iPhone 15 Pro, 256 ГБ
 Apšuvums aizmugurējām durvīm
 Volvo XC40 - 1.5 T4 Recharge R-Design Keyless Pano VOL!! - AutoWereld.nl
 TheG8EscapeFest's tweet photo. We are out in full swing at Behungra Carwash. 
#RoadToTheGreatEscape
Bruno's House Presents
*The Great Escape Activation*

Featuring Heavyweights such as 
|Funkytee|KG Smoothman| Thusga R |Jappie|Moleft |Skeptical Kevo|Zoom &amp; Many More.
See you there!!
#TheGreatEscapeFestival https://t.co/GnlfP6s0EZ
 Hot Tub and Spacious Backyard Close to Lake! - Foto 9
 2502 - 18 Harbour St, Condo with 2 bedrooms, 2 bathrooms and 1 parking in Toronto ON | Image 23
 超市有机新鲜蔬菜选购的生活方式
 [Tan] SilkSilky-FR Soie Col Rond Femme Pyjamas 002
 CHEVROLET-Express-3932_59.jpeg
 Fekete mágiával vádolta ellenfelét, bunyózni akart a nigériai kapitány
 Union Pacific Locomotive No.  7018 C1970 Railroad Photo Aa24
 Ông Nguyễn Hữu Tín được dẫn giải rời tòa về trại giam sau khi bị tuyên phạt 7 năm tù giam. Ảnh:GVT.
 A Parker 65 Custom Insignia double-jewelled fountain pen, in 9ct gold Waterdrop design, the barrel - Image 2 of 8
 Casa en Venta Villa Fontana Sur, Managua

——

• _ACTION ITEM_: Repeat exactly, please, each line from the beginning of the data through the line with "Hot Tub and" in it, and only those lines.

• _SOLUTION FOR THIS EXERCISE_:
iPhone 15 Pro, 256 ГБ
 Apšuvums aizmugurējām durvīm
 Volvo XC40 - 1.5 T4 Recharge R-Design Keyless Pano VOL!! - AutoWereld.nl
 TheG8EscapeFest's tweet photo. We are out in full swing at Behungra Carwash. 
#RoadToTheGreatEscape
Bruno's House Presents
*The Great Escape Activation*

Featuring Heavyweights such as 
|Funkytee|KG Smoothman| Thusga R |Jappie|Moleft |Skeptical Kevo|Zoom &amp; Many More.
See you there!!
#TheGreatEscapeFestival https://t.co/GnlfP6s0EZ
 Hot Tub and Spacious Backyard Close to Lake! - Foto 9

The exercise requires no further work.